How Many Whales Are Hunted Under the ICW?
• Japan on average, kills 900 mink and 50 fin whales per year using high tech harpoon and hunting devices despite efforts by the IWC for a rewrite to several clauses to ban the Japanese from taking in so many whales. The meat is later sold commercially.
• Iceland and Norway also hunt whales, although in smaller numbers based on “self allocated commercial quotas.”
Cultural/Religious Whaling Indigenous Whaling is a long standing religious/cultural tradition
Indigenous Whaling Today • Aboriginal groups, both in the US and Canada still whale for cultural and/or ceremonial reasons as well as, in some cases, for food.
How Many Whales Are Hunted Today by Indigenous Groups?
• The IWC has given indigenous peoples certain quotas to allow for their whaling.
• United States Alaskan/Inuit Natives, 9 communities: 50 bowheads whales a year; 1-2 gray head whales.
• Natives of St. Vincent and the Grenadines: 4 humpback whales per year
• Faroe Islands: 950 long fin pilot whales yearly
• The Canadian government, not a member of the IWC, also allows certain native groups to hunt a small number of whales every year.
Why Do Indigenous Groups Still Whale?
• 80 percent of Alaskan native, Siberian Native, and Arctic Native groups’ diet consists of whale meat .
• Blubber from whale meat is linked to the thickening of blood, helping humans living in the Arctic to keep warm. Many Natives feel their increasing health problems are a direct result to the loss of our traditional diet of seafood and marine mammal meat
• The meat and fat of the whale are divided according to customary rules, which ensure that everyone in the village receives a portion.
Honoring the Whale: Religious Beliefs and Ceremony in Indigenous Whaling
• New boat covers and clothing are signs of respect to the spirits of the whales. For the same reason, people carefully clean the ice cellars where whale meat will be stored, making a pleasant home for the animal’s body.
• Whaling feasts and celebrations, including the Iñupiaq festival called Nalukataq, express the joy of successful hunting and the respect that people feel toward the great animals.
• A fundamental belief is that a whale chooses its own death, part of an ancient and continuing bond between people and the highly intelligent animal beings upon whom they depend for food.
Objections to Indigenous Whaling Just as people object to commercial whaling, people also object to the ceremonial/religious whaling done by Indigenous Peoples.
So Who Kills More Whales?
• It looks like it is about even.
• Native groups, with the permission of either the ICW or the Canadian Government, kill a little over a thousand whales a year.
• Remember, Japan alone kills about 950 whales a year and several other countries kill smaller numbers.
• Therefore, it seems safe to say the same number are killed from “scientific”/commercial whaling as from religious/cultural whaling.
How Does All This Whaling Effect the Overall Population of Whales?

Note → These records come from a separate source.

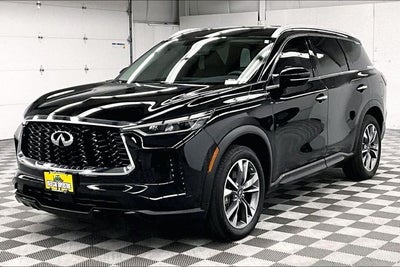 2024 INFINITI QX60 LUXE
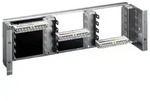 Rittal Tr&auml;gereinheit edelstahl 3HE f.LSA-Plus-Leisten max. 150 DA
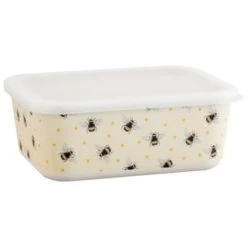 B&M Rectangular Tubs 2pk - Bees -Home Products Store 375968 2pk reuse and repurpose rectangle tubs bee 4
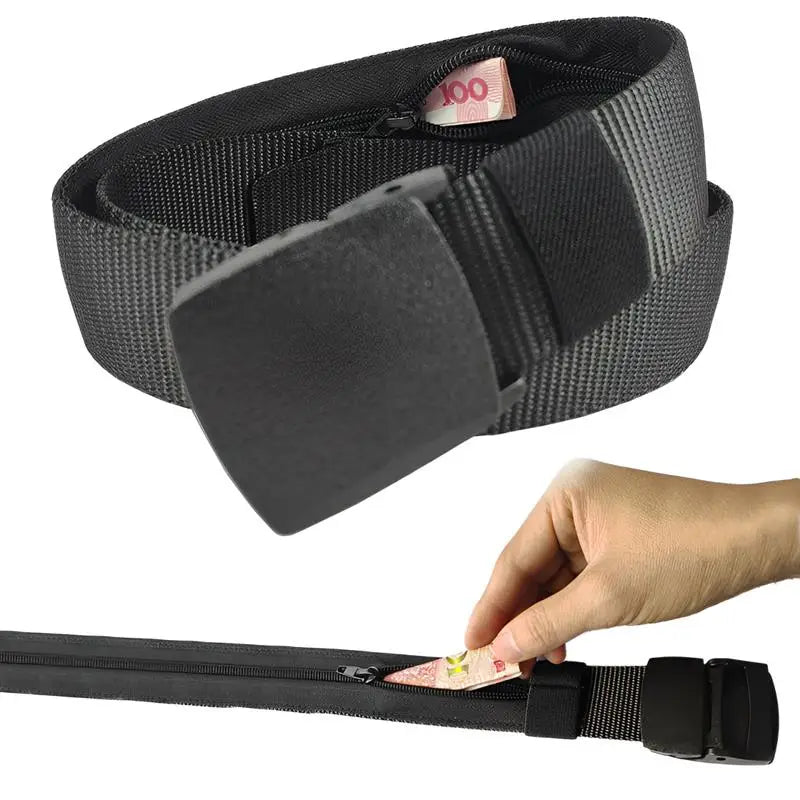 Hidden Portable Waist Belt Bag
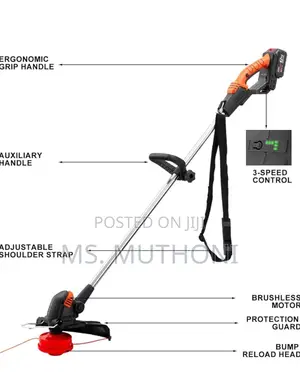 Cordless Weed Wacker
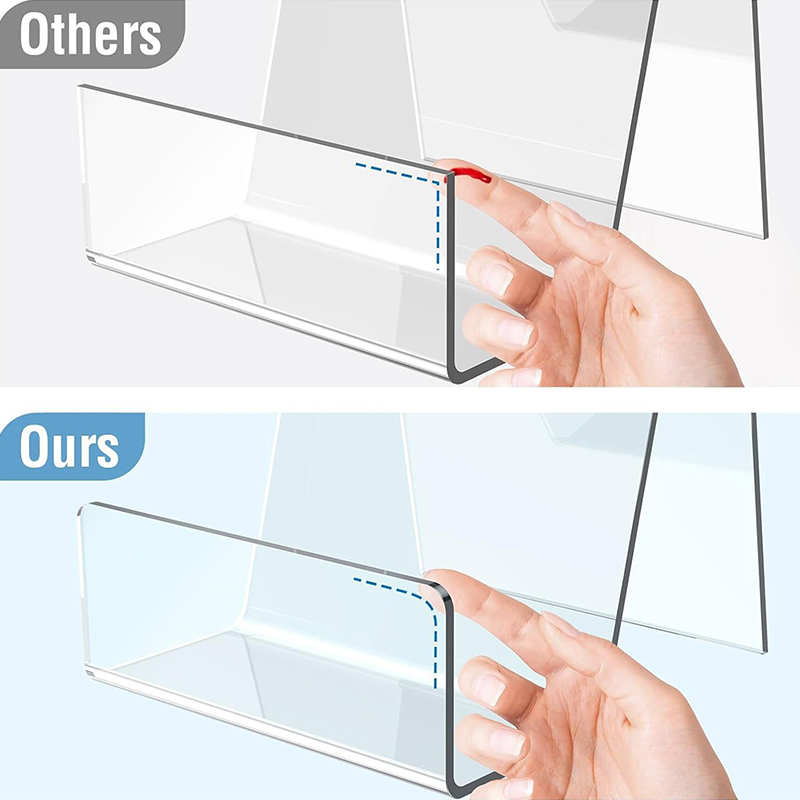 1pcs Comic Book Display Acryli - Clear Acrylic Book Stand Holder review and price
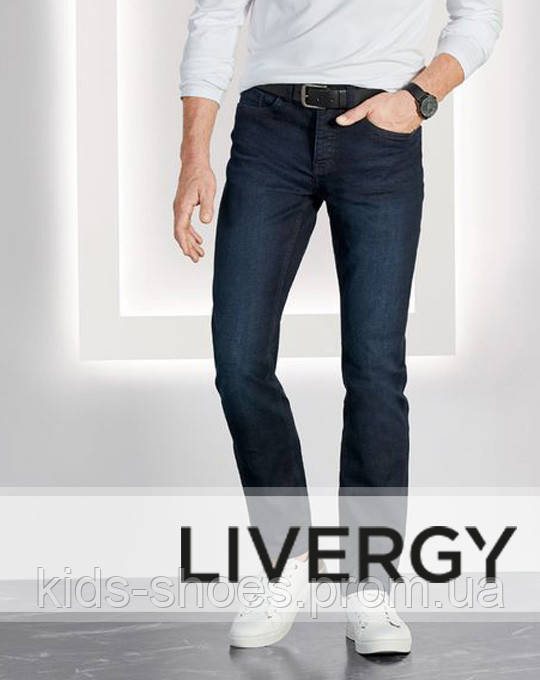 Джинси чоловічі батал Slim fit Liverdgy 50 євро 34/34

• Whaling Does Take Its Toll: The gray whale had been hunted to the edge of extinction in the 1850's and again in the early 1900's.
• Until the early 20th century, humpbacks were considered too large and fast to be pursued by most whaling vessels. However, with the introduction of faster whaling ships and harpoon guns, whalers began targeting humpbacks. By the time commercial whaling was banned, humpback populations had declined to only 10% of their original size.
• Disruption on whale populations has drastic effects on other ecosystems. Reduced whale populations reduces Krill numbers, which provides diet for marine mammals, bird, and other fish.
Yet, Progress Can Be Made
• In 1947, the International Whaling Commission (IWC) provided full protection to the gray whale. The eastern north Pacific population is the largest surviving population, having made a remarkable recovery and numbering close to its original size. This is near to where many indigenous groups whale.
Conclusion: Who Is Right?
• In the end, it all depends on what you believe in.
• We might find it easy to disagree with commercial/scientific whaling, but many of the same reasons its not necessary can also be applied to the cultural/religious whaling done by indigenous peoples.
• Yet, for some native peoples, this is a key part of their culture.